** Opening Study material block **

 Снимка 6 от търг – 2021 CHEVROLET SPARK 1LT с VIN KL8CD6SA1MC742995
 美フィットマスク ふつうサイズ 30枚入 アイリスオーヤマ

** Closing Study material block **
** Opening Study material block **

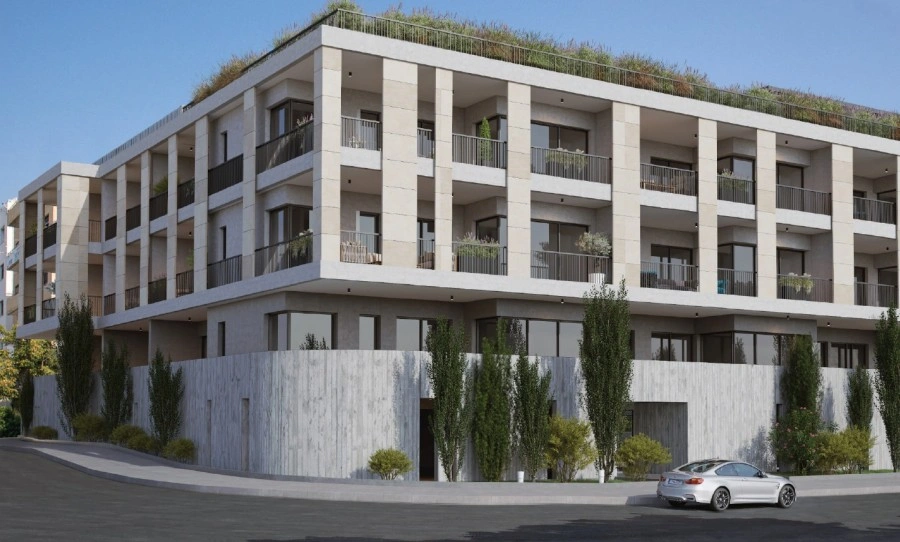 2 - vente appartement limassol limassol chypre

** Closing Study material block **

[Task item]
Look through the data above and return exactly the lines from the one that contains "Снимка 6 от" to the one that contains "美フィットマスク ふつうサイズ 30枚入 アイリスオーヤマ", inclusive, with nothing else.

[Reply]
 Снимка 6 от търг – 2021 CHEVROLET SPARK 1LT с VIN KL8CD6SA1MC742995
 美フィットマスク ふつうサイズ 30枚入 アイリスオーヤマ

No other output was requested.